Sunday, September 26, 2004

Aaah....Sunday Morning

On USC Football:

USC 31 Stanford 28
USC really needs to stop being a second half football team, as my heart would rather do important things like, well, beat. Going into halftime, Stanford led 28-17. In the second half, the Men of Troy allowed only something like 16 yards total offense until six minutes left in the fourth quarter. Then a tremendous defensive stand by USC on a Stanford fourth down, and the game was no longer a contest...

On my Image:

Upon the initial meeting with me and subsequent interactions in the course of daily work periods, new employees would be terrified of me for weeks. I do not know why this happens, as I try as much as possible to hardly interact with a FNG at all, so they are hardly terrorized by me. I have been told this happens, nonetheless.

I must be softening in my age, as I received a phonecall at my home, which is not widely known at all, last evening from a guy who is only a month old with the company, inviting me out to the UTD campus to play soccer with he and his buddies. I could not attend, for I had a previous engagement with the Men of Troy as they contested bragging rights with the Stanford Cardinal on Stanford's own playing field while being televised in prime time, but I think I just might ramble out there next Saturday.

On Palo Alto, California:

I have been to Stanford Stadium only once, and not for a football game. My former barracks roomate(ah, the barracks, those were the days of freedom before the witch queen got me to get an apartment off base. The horror, the horror.) and I travelled to San Francisco to watch the U.S. National Soccer squad play Costa Rica in a World Cup Qualifier. After the match, he and I made our way to the parking lot. In the jumble of people herding along the pathways to the lot, I literally ran into and bounced off of, none other than, Bora Milatinovich, world famous soccer coach of squads such as the U.S., Mexico, and China National Teams...

On Film and Print:

I am a big baby. Nothing scares me more, besides girls, than a really scary film or book. This makes my selection of reading material, recently, all the more insane, as I have Bogarted my roomate's copy of Stephen King's Night Shift .

You want scary?

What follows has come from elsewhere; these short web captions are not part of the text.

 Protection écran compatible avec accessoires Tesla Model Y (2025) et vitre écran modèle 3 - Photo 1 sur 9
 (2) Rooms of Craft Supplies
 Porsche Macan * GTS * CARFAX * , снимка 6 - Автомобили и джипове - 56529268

Try these:

Ju-On Every hair on my manly body stood on end in a few scenes.

Saw Still pending release, and NO, I'm not going to see it in the theater. Other theater patrons would be annoyed by my constant outbursts of "Mommeeeeeeeeeee!"

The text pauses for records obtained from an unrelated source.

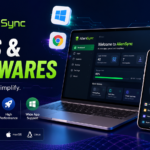 Apps and Softwares AlienSync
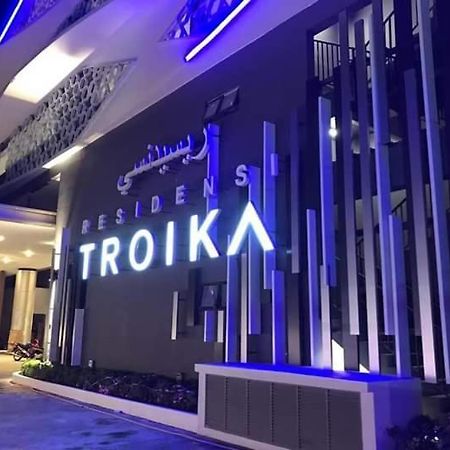 Appartement Panglima Troika Residensi à Kota Bharu Extérieur photo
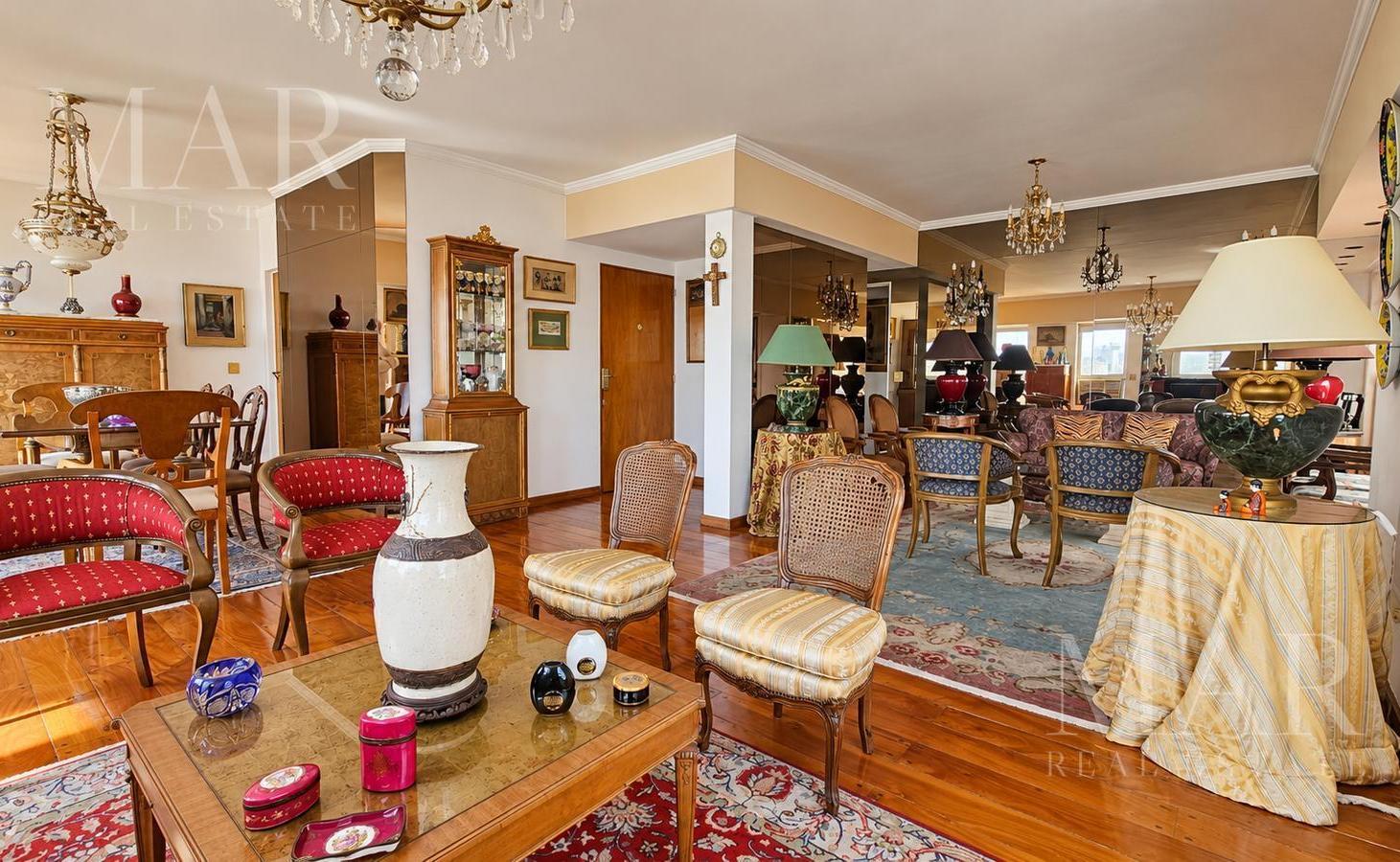 Foto de Departamento en Venta , 4 Dorm, Depend, Cochera, Baulera. Recoleta, imagen 3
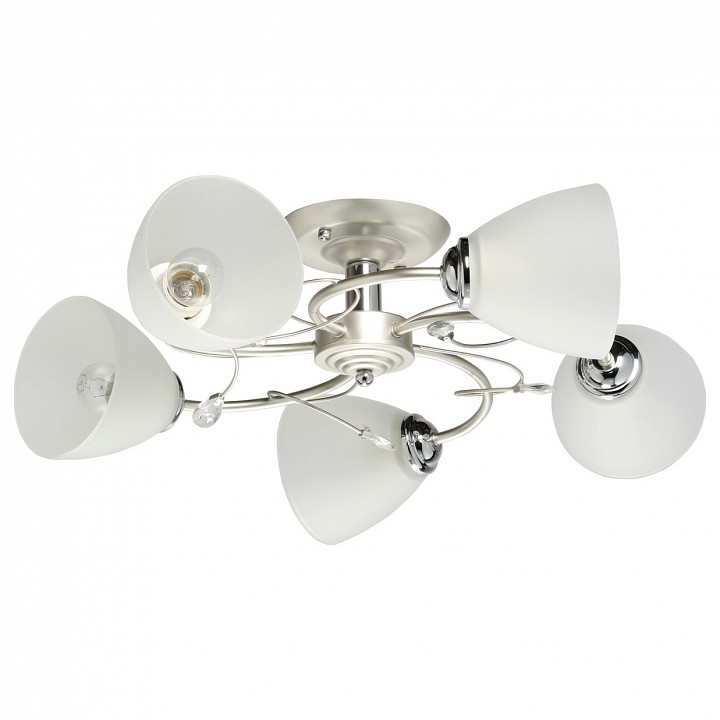 Люстра на штанге De City Нежность 33 676013205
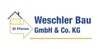 Kundenlogo von Weschler Bau GmbH & Co. KG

White Noise This is a toss up. The concept creeps me out to the nth degree, but I'm not sure they could build a story around it.

On the remake:

I'm a traditionalist. Some have said that I was born in the wrong decade. I live with the values and ideals that Americans had in, lets say, the Ike years. Maybe not to that extreme, but I do live by a code set by the Duke(see Profile). You do something like, lets say, remake one of my hallowed films of old, and you get me fighting mad. (see: Ocean's Eleven, The Alamo) If ever Casablanca were remade, I would become the studio exec killer. Turner came close to having a stalker/killer when he colorized it.(I wasn't making the money I do now and couldn't afford a trip to Atlanta. Hey! I've got cash now! Road Trip!)

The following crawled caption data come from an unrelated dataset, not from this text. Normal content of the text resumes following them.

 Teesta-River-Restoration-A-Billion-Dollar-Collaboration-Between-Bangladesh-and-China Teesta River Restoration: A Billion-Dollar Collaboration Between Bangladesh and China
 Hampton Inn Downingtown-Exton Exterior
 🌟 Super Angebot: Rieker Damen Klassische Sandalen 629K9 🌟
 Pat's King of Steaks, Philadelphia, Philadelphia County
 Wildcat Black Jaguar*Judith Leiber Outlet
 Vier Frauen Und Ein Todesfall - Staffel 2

Okay I'm going off on an evil and twisted tangent, now. Back on track. When I saw the trailer listing for a remake of one of the films of Gen. Jimmy Stuart USAF (Ret), I damn near had a stroke. Then I watched the trailer. I am giving this one a chance. In fact, I am rather excited about it's release. It is the remake of Flight of the Phoenix , one of my favorite Jimmy Stuart films.

In Summary

In summary, Go Trojans, find me a girl who doesn't scare me more than the twisted films my roomate turns me onto, and may Gen Stuart rest with the knowledge that, hopefully, someone in Hollywood payed proper respect to his work....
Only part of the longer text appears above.